Find every line in the data that contains the word "Cardigan". Return each of those lines.

Data in this exercise:

··········

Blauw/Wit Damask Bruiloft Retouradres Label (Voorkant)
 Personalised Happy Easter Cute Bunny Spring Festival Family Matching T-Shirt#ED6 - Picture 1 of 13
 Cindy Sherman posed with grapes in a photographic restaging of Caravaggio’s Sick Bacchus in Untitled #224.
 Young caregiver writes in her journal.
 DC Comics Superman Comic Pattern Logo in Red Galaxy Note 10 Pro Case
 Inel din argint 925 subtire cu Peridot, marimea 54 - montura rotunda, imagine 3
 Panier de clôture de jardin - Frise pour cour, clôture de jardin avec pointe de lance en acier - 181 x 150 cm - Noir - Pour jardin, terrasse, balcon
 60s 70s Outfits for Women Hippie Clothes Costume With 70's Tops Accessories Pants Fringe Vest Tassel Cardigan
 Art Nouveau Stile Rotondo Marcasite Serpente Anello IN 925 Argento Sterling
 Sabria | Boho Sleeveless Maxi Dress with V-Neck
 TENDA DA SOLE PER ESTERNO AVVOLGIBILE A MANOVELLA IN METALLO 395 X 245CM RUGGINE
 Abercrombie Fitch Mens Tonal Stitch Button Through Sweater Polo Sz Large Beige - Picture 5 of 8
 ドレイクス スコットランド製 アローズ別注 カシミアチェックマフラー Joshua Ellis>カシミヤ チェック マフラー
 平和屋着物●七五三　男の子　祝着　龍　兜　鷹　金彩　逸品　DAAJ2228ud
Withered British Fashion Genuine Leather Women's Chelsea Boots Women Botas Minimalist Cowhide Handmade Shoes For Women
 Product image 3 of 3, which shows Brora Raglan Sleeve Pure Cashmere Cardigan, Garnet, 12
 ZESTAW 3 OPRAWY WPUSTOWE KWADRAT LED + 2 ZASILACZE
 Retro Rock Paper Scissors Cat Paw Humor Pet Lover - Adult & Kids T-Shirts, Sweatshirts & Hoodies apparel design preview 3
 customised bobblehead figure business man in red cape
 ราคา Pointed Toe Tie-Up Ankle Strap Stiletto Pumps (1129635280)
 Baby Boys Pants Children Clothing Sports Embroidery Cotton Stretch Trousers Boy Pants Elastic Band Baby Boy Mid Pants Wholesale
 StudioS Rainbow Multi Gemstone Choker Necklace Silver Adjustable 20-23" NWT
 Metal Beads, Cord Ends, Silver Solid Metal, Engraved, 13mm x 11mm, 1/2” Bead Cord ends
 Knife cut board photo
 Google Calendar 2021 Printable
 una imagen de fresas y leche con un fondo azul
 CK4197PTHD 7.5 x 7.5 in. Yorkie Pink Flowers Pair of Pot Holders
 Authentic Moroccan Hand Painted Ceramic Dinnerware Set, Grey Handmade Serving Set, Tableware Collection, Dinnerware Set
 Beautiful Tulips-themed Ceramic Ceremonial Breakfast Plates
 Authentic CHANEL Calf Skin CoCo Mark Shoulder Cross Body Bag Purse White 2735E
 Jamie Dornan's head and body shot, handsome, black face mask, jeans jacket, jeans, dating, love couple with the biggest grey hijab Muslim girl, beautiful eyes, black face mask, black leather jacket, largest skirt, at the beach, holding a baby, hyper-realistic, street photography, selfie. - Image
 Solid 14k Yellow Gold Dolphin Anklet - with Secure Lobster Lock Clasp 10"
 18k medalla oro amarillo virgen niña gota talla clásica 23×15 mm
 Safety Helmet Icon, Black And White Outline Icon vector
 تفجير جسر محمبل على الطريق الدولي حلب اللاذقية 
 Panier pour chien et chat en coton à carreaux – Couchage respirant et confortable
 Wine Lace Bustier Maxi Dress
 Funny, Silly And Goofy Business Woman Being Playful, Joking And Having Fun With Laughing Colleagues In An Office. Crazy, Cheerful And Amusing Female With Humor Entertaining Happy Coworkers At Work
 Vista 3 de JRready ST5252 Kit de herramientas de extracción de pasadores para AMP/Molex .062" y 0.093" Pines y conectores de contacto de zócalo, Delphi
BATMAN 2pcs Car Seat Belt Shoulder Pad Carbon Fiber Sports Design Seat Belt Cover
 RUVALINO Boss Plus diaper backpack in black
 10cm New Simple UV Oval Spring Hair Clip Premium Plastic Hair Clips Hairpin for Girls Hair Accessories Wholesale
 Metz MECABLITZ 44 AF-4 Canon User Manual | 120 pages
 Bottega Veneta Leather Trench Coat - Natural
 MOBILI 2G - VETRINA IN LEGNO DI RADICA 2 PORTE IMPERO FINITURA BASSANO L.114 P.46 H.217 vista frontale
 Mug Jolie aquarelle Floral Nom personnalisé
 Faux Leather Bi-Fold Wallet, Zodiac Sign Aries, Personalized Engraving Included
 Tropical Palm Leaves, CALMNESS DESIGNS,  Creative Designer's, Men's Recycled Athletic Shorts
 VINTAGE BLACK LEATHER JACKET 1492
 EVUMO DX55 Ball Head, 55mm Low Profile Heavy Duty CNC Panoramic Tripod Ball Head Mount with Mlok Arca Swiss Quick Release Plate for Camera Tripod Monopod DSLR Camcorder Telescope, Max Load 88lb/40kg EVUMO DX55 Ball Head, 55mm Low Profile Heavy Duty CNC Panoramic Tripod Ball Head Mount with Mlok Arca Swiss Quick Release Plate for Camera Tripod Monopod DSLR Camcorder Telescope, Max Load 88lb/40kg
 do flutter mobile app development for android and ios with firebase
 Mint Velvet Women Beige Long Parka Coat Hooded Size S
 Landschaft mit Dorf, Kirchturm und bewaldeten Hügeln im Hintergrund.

··········

Response:
 60s 70s Outfits for Women Hippie Clothes Costume With 70's Tops Accessories Pants Fringe Vest Tassel Cardigan
 Product image 3 of 3, which shows Brora Raglan Sleeve Pure Cashmere Cardigan, Garnet, 12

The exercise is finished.